From the top of the records below down to the line containing "High-protein breakfast weight", reproduce every line exactly.

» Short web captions
---
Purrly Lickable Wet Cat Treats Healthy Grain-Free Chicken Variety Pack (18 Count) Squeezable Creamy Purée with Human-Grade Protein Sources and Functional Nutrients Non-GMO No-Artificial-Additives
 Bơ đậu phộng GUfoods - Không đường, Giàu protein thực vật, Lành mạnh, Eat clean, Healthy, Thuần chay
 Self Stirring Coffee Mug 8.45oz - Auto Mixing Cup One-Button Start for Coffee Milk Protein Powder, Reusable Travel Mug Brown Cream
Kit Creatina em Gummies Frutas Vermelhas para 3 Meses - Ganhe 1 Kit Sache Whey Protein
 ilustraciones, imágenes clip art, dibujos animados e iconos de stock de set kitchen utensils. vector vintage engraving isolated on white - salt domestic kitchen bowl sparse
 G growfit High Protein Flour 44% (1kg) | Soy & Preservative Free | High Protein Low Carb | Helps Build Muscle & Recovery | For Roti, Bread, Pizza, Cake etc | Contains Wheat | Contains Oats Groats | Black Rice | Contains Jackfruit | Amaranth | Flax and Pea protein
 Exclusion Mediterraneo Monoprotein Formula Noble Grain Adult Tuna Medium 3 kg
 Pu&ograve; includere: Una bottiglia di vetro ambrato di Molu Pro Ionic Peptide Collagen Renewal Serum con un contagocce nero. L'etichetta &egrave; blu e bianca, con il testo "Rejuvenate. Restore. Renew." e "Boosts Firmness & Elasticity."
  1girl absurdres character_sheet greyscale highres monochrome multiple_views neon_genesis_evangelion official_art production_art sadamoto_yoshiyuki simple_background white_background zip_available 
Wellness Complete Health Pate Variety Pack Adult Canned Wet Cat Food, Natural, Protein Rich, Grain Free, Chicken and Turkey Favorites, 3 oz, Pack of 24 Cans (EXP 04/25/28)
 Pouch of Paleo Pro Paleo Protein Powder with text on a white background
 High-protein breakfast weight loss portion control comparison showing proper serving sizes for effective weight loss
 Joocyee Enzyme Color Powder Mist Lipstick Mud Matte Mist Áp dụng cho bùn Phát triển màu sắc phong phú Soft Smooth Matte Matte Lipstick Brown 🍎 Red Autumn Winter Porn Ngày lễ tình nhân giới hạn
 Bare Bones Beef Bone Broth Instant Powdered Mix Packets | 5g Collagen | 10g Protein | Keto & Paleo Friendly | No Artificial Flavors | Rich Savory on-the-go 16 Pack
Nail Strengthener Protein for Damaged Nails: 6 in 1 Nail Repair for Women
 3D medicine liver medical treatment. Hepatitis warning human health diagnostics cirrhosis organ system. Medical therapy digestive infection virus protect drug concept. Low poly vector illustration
---
» Task response
Purrly Lickable Wet Cat Treats Healthy Grain-Free Chicken Variety Pack (18 Count) Squeezable Creamy Purée with Human-Grade Protein Sources and Functional Nutrients Non-GMO No-Artificial-Additives
 Bơ đậu phộng GUfoods - Không đường, Giàu protein thực vật, Lành mạnh, Eat clean, Healthy, Thuần chay
 Self Stirring Coffee Mug 8.45oz - Auto Mixing Cup One-Button Start for Coffee Milk Protein Powder, Reusable Travel Mug Brown Cream
Kit Creatina em Gummies Frutas Vermelhas para 3 Meses - Ganhe 1 Kit Sache Whey Protein
 ilustraciones, imágenes clip art, dibujos animados e iconos de stock de set kitchen utensils. vector vintage engraving isolated on white - salt domestic kitchen bowl sparse
 G growfit High Protein Flour 44% (1kg) | Soy & Preservative Free | High Protein Low Carb | Helps Build Muscle & Recovery | For Roti, Bread, Pizza, Cake etc | Contains Wheat | Contains Oats Groats | Black Rice | Contains Jackfruit | Amaranth | Flax and Pea protein
 Exclusion Mediterraneo Monoprotein Formula Noble Grain Adult Tuna Medium 3 kg
 Pu&ograve; includere: Una bottiglia di vetro ambrato di Molu Pro Ionic Peptide Collagen Renewal Serum con un contagocce nero. L'etichetta &egrave; blu e bianca, con il testo "Rejuvenate. Restore. Renew." e "Boosts Firmness & Elasticity."
  1girl absurdres character_sheet greyscale highres monochrome multiple_views neon_genesis_evangelion official_art production_art sadamoto_yoshiyuki simple_background white_background zip_available 
Wellness Complete Health Pate Variety Pack Adult Canned Wet Cat Food, Natural, Protein Rich, Grain Free, Chicken and Turkey Favorites, 3 oz, Pack of 24 Cans (EXP 04/25/28)
 Pouch of Paleo Pro Paleo Protein Powder with text on a white background
 High-protein breakfast weight loss portion control comparison showing proper serving sizes for effective weight loss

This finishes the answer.